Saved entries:
——

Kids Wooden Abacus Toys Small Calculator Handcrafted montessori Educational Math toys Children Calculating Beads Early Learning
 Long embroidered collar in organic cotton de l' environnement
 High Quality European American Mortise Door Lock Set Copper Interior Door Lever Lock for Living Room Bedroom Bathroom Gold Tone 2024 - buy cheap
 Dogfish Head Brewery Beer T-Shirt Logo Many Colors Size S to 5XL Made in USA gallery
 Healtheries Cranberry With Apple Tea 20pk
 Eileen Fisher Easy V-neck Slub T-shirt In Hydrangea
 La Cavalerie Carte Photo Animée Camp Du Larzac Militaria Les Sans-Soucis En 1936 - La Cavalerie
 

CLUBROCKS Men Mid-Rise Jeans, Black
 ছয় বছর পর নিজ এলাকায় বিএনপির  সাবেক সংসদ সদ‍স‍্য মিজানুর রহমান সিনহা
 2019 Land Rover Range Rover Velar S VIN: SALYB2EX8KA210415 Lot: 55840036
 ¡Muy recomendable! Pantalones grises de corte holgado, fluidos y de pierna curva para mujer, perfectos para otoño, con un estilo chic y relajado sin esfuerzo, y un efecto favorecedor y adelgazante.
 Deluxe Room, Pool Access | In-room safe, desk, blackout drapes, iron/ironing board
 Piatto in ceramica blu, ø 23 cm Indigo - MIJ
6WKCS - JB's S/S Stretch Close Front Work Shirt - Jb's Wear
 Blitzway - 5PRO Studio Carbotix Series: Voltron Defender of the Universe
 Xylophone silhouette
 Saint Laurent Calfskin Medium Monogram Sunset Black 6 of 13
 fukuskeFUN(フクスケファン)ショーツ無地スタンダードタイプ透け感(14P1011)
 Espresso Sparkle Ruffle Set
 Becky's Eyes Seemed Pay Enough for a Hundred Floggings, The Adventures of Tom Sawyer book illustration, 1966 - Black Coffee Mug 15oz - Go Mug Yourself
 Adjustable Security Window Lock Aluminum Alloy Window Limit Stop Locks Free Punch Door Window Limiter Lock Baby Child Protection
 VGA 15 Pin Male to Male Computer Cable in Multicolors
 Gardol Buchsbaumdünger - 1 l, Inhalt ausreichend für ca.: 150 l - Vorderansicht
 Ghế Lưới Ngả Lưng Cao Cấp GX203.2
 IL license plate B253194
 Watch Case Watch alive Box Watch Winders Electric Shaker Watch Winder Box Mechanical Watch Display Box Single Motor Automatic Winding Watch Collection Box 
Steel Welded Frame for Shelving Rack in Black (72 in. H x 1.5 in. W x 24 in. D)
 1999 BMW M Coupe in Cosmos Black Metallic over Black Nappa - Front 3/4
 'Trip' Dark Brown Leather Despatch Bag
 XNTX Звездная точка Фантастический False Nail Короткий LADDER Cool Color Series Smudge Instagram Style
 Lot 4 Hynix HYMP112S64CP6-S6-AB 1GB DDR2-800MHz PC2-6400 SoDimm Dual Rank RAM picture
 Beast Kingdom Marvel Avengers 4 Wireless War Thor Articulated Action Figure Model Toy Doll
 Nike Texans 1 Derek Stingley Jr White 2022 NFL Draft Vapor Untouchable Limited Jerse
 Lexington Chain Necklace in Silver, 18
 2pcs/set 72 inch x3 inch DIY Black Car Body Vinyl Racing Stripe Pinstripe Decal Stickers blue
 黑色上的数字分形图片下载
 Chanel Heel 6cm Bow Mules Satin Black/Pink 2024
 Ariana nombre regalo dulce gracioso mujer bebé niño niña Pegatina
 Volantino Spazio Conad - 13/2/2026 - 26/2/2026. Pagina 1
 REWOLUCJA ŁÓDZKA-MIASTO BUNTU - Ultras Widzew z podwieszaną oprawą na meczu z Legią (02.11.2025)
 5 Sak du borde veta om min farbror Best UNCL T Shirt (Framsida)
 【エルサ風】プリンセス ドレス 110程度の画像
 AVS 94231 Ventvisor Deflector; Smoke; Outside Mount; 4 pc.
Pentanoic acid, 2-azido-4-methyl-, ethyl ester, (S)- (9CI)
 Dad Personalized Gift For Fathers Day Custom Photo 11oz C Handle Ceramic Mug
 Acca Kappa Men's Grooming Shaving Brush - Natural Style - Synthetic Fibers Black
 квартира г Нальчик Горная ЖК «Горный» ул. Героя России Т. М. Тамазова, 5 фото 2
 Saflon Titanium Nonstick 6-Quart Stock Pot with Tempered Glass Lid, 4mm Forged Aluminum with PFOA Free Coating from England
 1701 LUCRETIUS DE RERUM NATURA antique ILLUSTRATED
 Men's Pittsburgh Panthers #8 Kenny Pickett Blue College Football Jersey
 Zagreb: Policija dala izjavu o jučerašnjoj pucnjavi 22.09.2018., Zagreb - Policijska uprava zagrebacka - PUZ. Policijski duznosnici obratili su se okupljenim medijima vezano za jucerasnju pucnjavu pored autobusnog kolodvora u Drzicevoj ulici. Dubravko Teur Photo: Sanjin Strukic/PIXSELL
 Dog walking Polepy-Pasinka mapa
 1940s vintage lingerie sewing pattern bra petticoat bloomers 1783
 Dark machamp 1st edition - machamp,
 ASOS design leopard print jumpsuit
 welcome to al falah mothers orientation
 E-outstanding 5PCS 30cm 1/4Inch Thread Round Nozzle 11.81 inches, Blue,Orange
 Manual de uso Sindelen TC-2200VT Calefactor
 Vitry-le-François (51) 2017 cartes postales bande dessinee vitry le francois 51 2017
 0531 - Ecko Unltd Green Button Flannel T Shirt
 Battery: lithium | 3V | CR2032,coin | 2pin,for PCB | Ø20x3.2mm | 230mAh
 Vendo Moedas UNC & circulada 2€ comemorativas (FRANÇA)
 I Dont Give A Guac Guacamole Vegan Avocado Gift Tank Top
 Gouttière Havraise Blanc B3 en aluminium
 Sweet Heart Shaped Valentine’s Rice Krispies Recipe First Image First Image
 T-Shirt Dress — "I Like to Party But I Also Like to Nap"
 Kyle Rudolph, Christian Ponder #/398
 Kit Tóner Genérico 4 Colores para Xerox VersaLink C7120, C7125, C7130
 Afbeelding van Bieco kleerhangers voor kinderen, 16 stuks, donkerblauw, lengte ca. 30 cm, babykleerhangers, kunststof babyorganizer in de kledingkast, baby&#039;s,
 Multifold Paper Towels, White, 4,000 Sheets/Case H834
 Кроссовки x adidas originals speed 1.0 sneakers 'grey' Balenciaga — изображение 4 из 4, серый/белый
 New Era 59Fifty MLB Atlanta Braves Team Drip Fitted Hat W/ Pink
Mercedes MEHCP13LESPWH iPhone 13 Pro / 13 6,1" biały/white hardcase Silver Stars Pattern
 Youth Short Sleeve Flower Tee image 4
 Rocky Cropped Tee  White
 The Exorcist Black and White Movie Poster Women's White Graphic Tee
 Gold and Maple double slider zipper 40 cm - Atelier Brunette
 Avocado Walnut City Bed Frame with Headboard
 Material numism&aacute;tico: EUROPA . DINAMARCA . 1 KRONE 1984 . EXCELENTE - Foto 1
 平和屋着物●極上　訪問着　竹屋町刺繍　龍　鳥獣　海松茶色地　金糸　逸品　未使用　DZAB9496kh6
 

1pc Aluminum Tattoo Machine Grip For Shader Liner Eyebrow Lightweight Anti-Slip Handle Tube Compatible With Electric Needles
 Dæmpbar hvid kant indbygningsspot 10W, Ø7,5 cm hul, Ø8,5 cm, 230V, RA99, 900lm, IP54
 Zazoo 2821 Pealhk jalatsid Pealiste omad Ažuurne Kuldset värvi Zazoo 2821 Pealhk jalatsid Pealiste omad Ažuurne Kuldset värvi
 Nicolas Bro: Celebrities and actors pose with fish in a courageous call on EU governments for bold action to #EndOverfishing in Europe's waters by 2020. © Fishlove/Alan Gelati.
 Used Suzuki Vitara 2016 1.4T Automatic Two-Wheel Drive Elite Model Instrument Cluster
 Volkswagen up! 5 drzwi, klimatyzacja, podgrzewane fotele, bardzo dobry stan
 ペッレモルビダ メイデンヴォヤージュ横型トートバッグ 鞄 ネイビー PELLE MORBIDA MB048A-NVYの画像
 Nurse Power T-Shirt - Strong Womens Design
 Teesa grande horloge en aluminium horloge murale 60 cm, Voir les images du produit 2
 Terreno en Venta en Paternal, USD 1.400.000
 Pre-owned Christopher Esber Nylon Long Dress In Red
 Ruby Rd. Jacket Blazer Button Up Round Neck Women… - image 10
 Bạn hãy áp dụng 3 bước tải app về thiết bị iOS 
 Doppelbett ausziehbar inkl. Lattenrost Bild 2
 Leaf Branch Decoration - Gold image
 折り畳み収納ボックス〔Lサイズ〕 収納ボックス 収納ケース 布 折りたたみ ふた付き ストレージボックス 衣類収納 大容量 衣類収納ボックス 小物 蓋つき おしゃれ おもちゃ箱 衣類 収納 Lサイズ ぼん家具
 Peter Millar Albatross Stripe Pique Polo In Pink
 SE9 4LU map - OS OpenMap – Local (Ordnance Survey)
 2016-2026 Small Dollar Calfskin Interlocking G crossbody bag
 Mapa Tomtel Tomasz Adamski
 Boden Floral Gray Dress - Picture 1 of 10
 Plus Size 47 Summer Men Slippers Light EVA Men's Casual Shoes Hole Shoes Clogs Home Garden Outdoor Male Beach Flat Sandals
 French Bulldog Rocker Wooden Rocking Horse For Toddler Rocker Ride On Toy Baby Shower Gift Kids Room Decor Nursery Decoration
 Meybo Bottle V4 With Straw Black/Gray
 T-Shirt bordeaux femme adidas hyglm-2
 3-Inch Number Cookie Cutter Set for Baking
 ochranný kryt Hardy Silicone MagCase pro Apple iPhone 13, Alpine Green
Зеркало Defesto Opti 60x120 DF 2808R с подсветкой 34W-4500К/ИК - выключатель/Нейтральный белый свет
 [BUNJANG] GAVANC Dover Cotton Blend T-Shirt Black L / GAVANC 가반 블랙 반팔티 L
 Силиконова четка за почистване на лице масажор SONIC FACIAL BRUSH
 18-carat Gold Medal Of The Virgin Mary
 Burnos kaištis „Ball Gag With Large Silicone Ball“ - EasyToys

——

Your answer should be the exact lines above from the one with "Used Suzuki Vitara" through the one with "Pre-owned Christopher Esber", both included, and nothing besides.

 Used Suzuki Vitara 2016 1.4T Automatic Two-Wheel Drive Elite Model Instrument Cluster
 Volkswagen up! 5 drzwi, klimatyzacja, podgrzewane fotele, bardzo dobry stan
 ペッレモルビダ メイデンヴォヤージュ横型トートバッグ 鞄 ネイビー PELLE MORBIDA MB048A-NVYの画像
 Nurse Power T-Shirt - Strong Womens Design
 Teesa grande horloge en aluminium horloge murale 60 cm, Voir les images du produit 2
 Terreno en Venta en Paternal, USD 1.400.000
 Pre-owned Christopher Esber Nylon Long Dress In Red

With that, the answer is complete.